Re: 回复: [PATCH] mm/compaction: add check mechanism to avoid cma alloc fail

From: Haiqiang Gong (龚海强)
Date: Sat Jan 27 2024 - 06:04:16 EST


On Wed, 2024-01-24 at 18:40 +0000, Matthew Wilcox wrote:
>
> External email : Please do not click links or open attachments until
> you have verified the sender or the content.
> On Wed, Jan 24, 2024 at 07:20:53AM +0000, Haiqiang Gong (龚海强) wrote:
> > > I don't understand. You say that the memory isn't movable, but
> then you
> > > say that it's migrated in. So it was movable, but it's no longer
> > > movable after being moved once?
> > Sorry for not expressing clearly
> > When doing memory migration, the kernel will determine whether the
> current
> > page can be moved based on the refcount and mapcount of the current
> page.
> > This memory can be moved during kernel compaction. At this time,
> refcount
> > is less than or equal to mapcount.
> > After this memory is kcompacted and placed in the cma buffer,
> under
> > certain special conditions, the refcount may be greater than the
> mapcount
> > (ex:the current page is being used by fs), and then migrate will
> fail.
>
> But that's always true. Any page that is currently in use might have
> its refcount temporarily incremented. There's nothing special about
> pages that belong to a file.

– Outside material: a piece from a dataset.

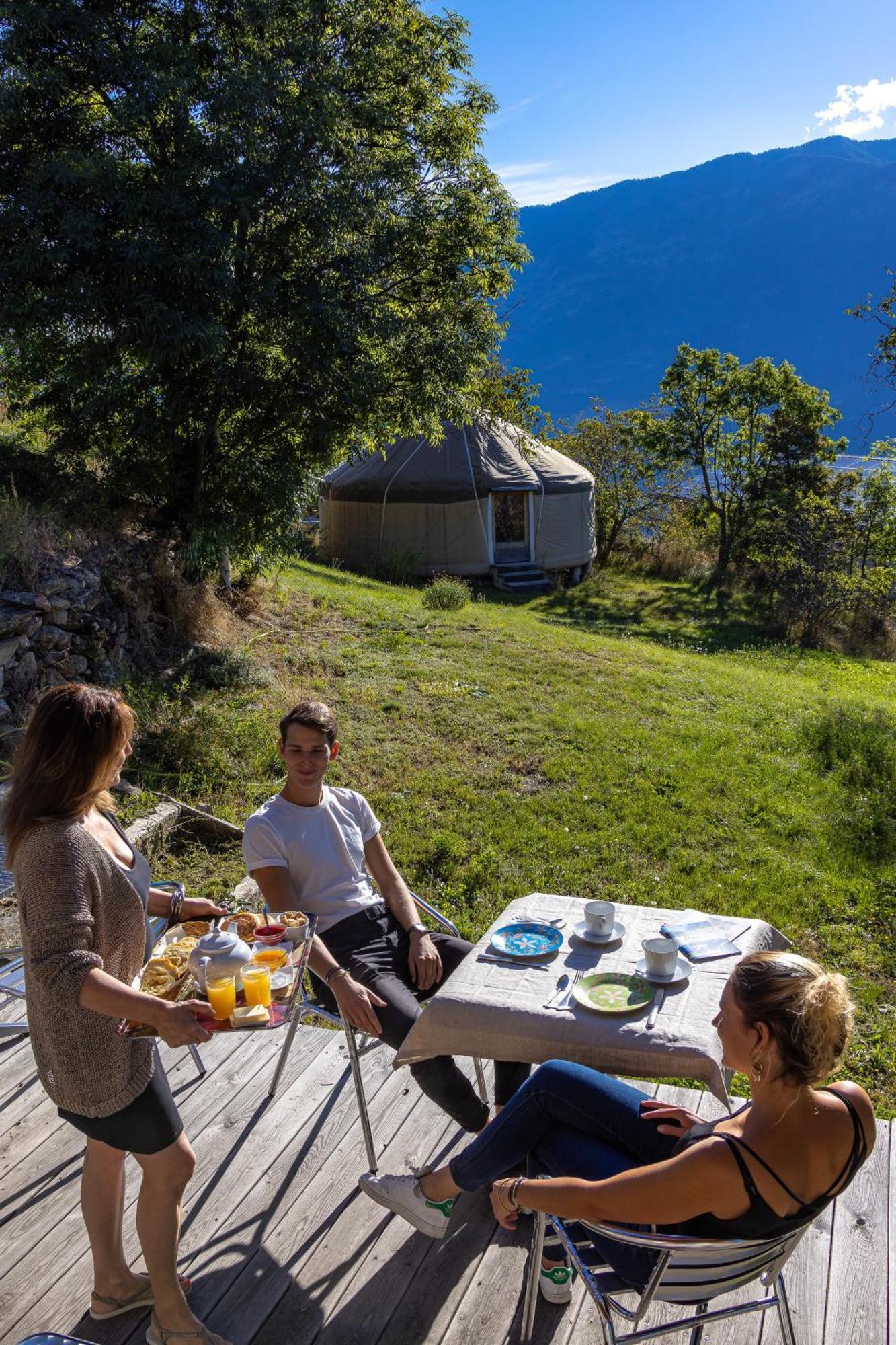 La Ferme De Beaute Bed & Breakfast Chateauroux-les-Alpes Eksteriør bilde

You've basically just prevented all
> filesystem memory from being migrated to the CMA area, and that's
> wrong.
>
Yes, we agree with you that refcount may temporarily incremented.
Issues we have reproduced:
The current page is migrated to the cma area by kcompactd, rather than
allocated by kernel memory allocater.
Our opinion is that if a page cannot be allocated to the CMA area, then
we should not put it in the CMA area when doing kernel migration. This
seems more reasonable. Do you agree with this view or do you have any
other suggestions?


> What's special about this page? Or were you just unlucky?
We didn't find anything special about this page. During our debugging,
we found that once a similar problem occurs in the current page, it can
no longer be migrated (retrying after an hour will not work).